Issue with Grafana/Graphite and QOS counters?

James_Castro · ‎2016-01-11

Hoping someone has seen this before or could give me some tips in troubleshooting it. Please view the screenshot below. I am trying to figure out why ome of my QOS policies show a huge spike in the number of OPs. Below shows it spiking to 1.5 million ops. This can't be right.

madden · ‎2016-01-12

Hi @James_Castro,

Data ONTAP counters should be monotonically increasing, meaning they only go up. Harvest basically takes the value at T1, waits a bit, and again at T2, and then calcs T2-T1 to get the rate of change (and more fancy stuff depending on the counter type). If T2-T1 is negative then it was not monotonically increasing and Harvest assumes a counter reset occurred (reboot of node, max int size reached, etc) and skips the data point and uses that new value as the base for the next iteration. The logic Harvest uses is the same as any perf API calling app would use.
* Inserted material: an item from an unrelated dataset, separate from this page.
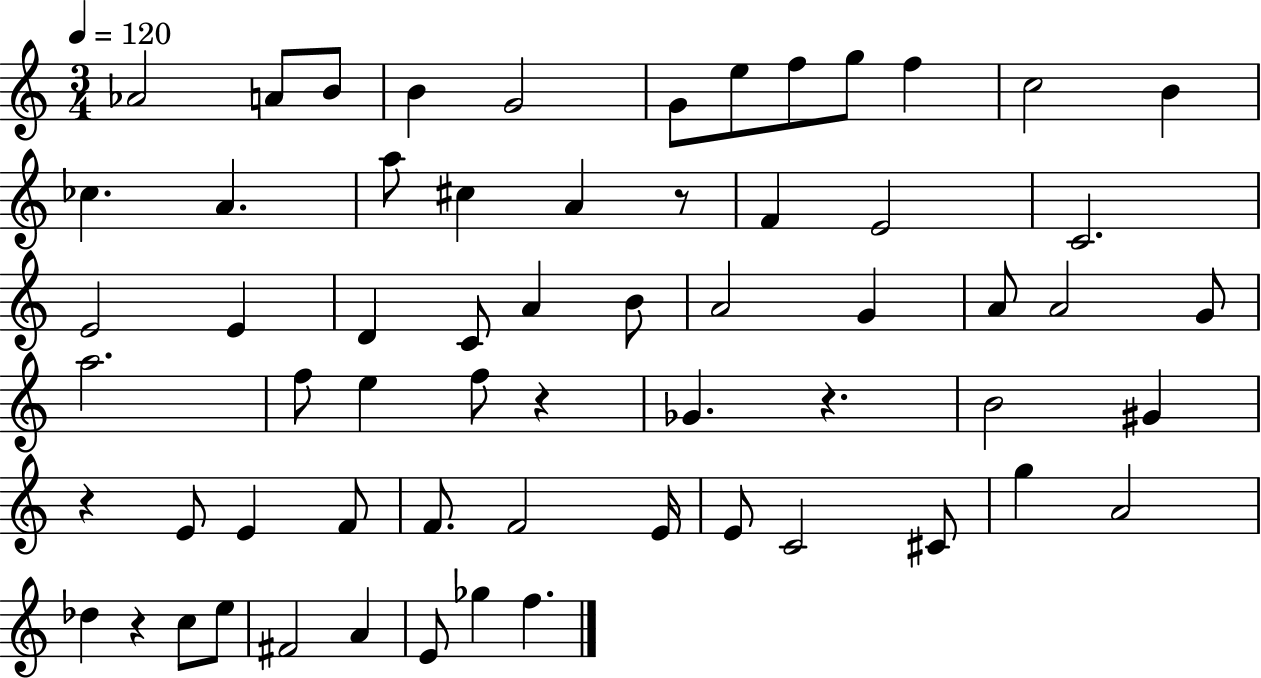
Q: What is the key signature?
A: C major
I have seen some scenarios where the counter is not monotonically increasing but where a reset didn't occur. One of them is with counter aggregations introduced in cDOT. With an aggegrated counter you can have something like volume:node object which is a summary of all volumes on a node. If you poll that object and get the values, then one volume goes offline and you poll again you might get a decreasing value because that vol's counters are not in the aggregation. So you skip posting the data and now have a new, lower counter value as your base for the next comparison. Then the volume comes online again, and you poll again, and now that volume is included in the calc resulting in an apparent spike in the counter. The spike would be equivalent to every 'tick' of that counter on that volume since it was created. I saw this with snapmirror destination volumes because as part of the 'jumpahead' after each update the volume is taken offline momentarily. If during that moment a poll occurs the volume is not included in the aggregation and on the next poll when it is you get the spike. I opened a bug 899768 on this if you want to request a fix.
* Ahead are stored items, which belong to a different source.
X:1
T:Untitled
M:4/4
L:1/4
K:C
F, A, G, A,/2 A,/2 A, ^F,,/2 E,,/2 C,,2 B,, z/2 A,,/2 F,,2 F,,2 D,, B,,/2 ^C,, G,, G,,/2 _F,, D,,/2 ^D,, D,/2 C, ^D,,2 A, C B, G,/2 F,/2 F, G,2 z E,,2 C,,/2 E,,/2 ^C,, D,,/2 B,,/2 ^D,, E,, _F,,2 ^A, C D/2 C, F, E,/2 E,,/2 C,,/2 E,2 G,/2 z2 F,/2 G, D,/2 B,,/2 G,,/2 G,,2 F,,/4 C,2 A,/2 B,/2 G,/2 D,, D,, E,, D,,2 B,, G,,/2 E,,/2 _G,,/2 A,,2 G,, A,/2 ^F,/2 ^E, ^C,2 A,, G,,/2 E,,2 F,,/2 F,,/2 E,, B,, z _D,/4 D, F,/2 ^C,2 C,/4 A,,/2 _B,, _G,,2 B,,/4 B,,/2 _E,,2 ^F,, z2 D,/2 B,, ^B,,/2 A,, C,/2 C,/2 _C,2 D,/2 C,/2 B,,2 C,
From the screenshot though it looks like you have a policy group and from the naming flexclones are involved. So not an aggregation issue like the bug I already opened. Maybe flexclones inherit counters values on creation that causes us to see a spike? Or maybe somehow a destroy and creation again causes it? I would check what activity happened on a volume in that policy group at that point in time. If you provide what happened, and the DOT release, I can try to reproduce and determine root cause.

Cheers,
Chris Madden

Storage Architect, NetApp EMEA (and author of Harvest)

Blog: It all begins with data

P.S. Please select “Options” and then “Accept as Solution” if this response answered your question so that others will find it easily!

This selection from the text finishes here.